Tune: VENI, VENI, EMMANUEL, LM with refrain; Mode I; Adapt. by Thomas     Helmore, 1811-1890; Acc. by Richard Proulx, b. 1937, © 1975 GIA Publications, Inc.
In the text line, you first see "Veni, Veni, Emmanuel".  That is the original Latin from which "O Come, O Come, Emmanuel" is translated.  It's known source is that it was originally in Latin (duh!) and dates back to the 9th century.  John M. Neale (full name John Mason Neale), was the translator (thus the "Tr."), and the years following his name is his life span.  The abbreviation "alt." indicates that this is an altered form of Neale's translation.  Usually the alterations are made by the hymnal's editor(s).  In this case, sadly, the words "thee", "thou", and "thy" have been removed.  This is a dumbing-down of a really good hymn, and such will be discussed in a future post.

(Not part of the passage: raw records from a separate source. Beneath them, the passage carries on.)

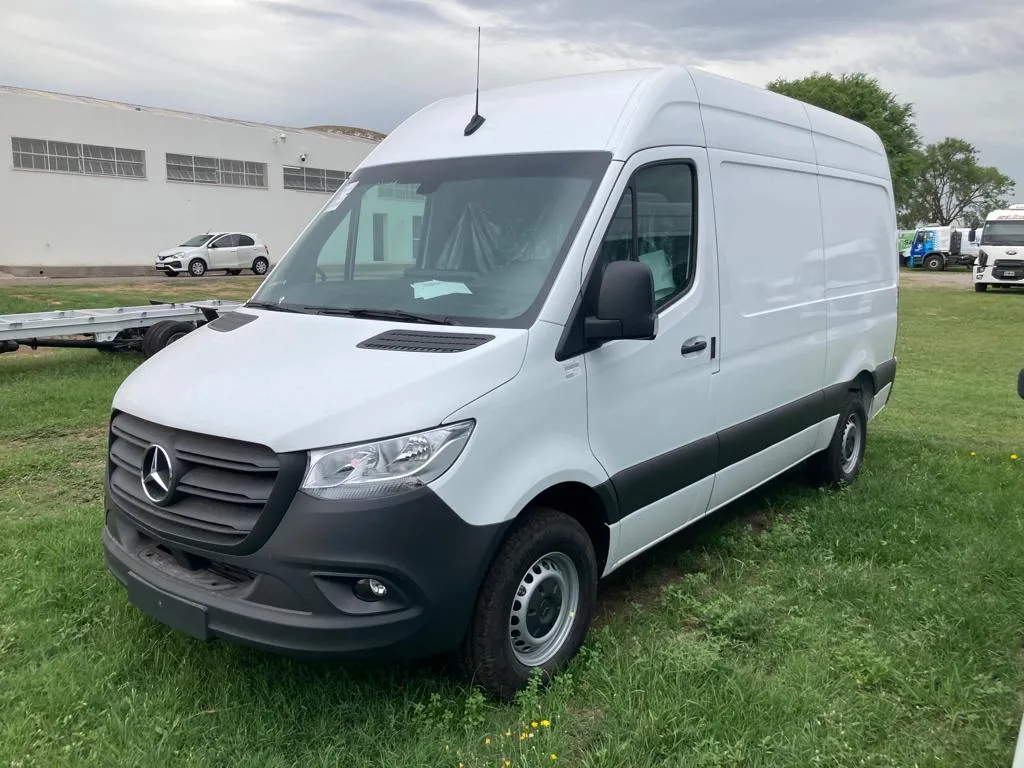Mercedes-Benz Sprinter 414 CDI Van 3665 Te V1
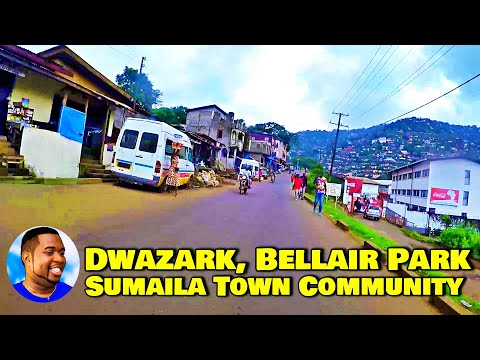 Dwazark, Bellair Park And Sumaila Town Community - 🇸🇱 Roadtrip 2021 - Explore With Triple-A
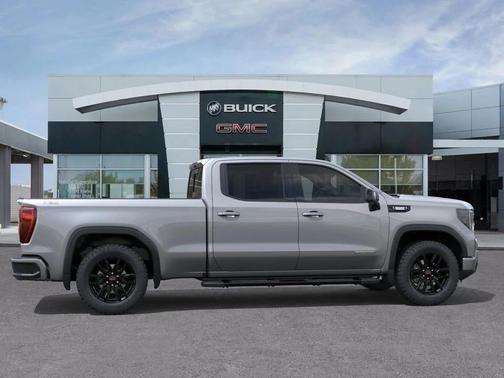 Sterling Metallic 2026 GMC Sierra 1500 Elevation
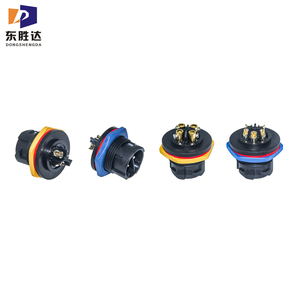 M25 nối <span class=keywords><strong>2</strong></span> 3 <span class=keywords><strong>4</strong></span> Pin IP68 IP67 không thấm nước điện cắm ổ cắm - Product Image 4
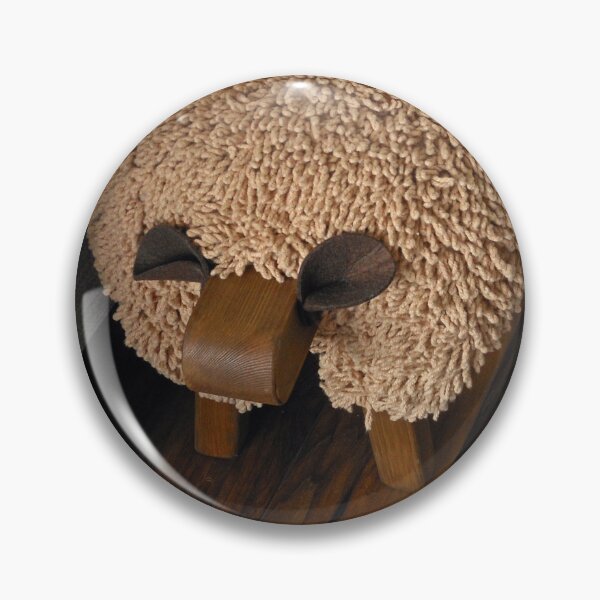 Item preview, Sheep Footstool designed and sold by BlueMoonRose.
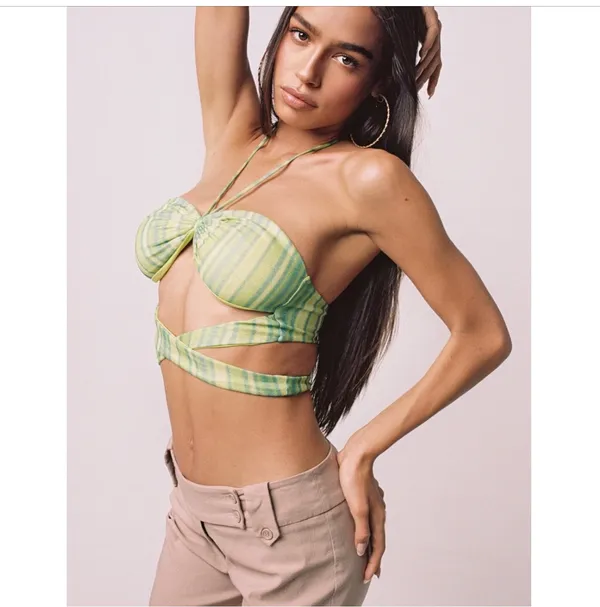 Green Tigermist Top - Image 6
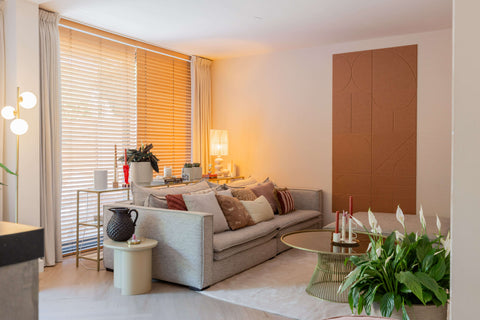 Sadé Design Set Akustik-Wandpaneele aus Filz in organischem Design für eine stilvolle und schalldichte Inneneinrichtung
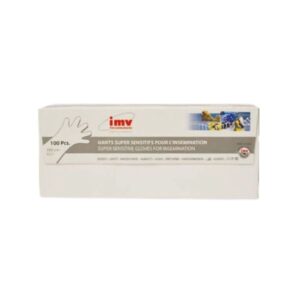 GUANTO ELASTICIZZATI  ZOOTECNICI SUPER SENSITIVE 100pz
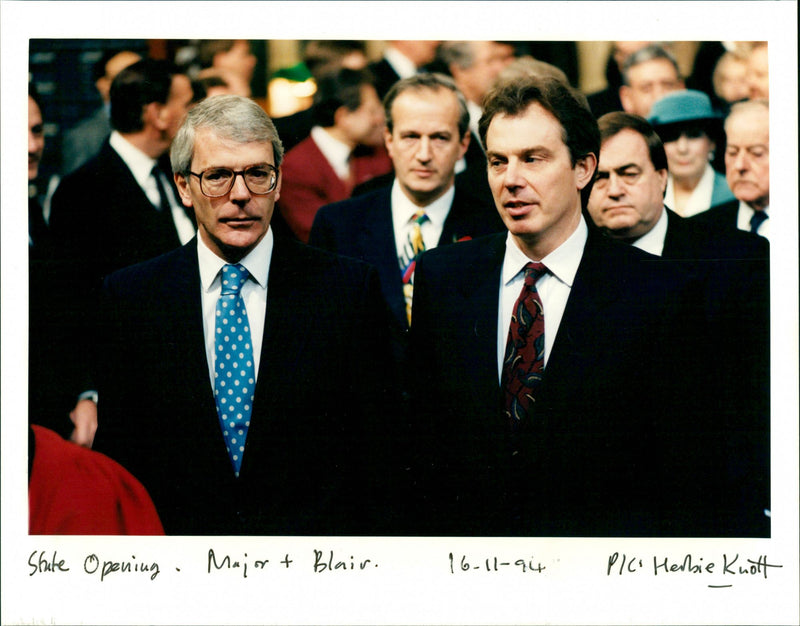 State Opening - Vintage Photograph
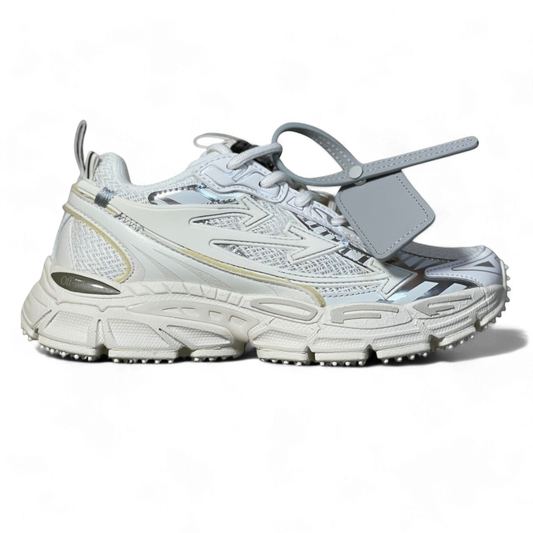 OFF-WHITE Be Right Back 'Gray Silver'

In the tune line, the words "VENI, VENI, EMMANUEL" in all capital letters (some hymnals use italics in place of capitals, the italics being my personal preference when presenting manuscript) is the actual title of the tune.  "LM with refrain" is the poetic meter (I will discuss this further down in this post).  This tune, being chant, is set to "Mode I", one of eight modes given to chant melodies (in most cases Gregorian chant).  Thomas Helmore (again, the dates following indicate his life span) adapted the chant tune to a more metrical form that appears in some hymnals, but not in this one.  Nonetheless, he was still credited here.  Richard Proulx, many of his works published by GIA Publications in Chicago, Illinois, wrote the organ accompaniment provided in the organ edition of this hymnal (the edition in the pew contains only melody and text).  Proulx's accompaniment is copyrighted by GIA.  In terms of lifespan, as of the printing of the Worship hymnal, Proulx was born in 1937 ("b. 1937").  He has since died, and his lifespan is reflected in future hymnals (1937-2010).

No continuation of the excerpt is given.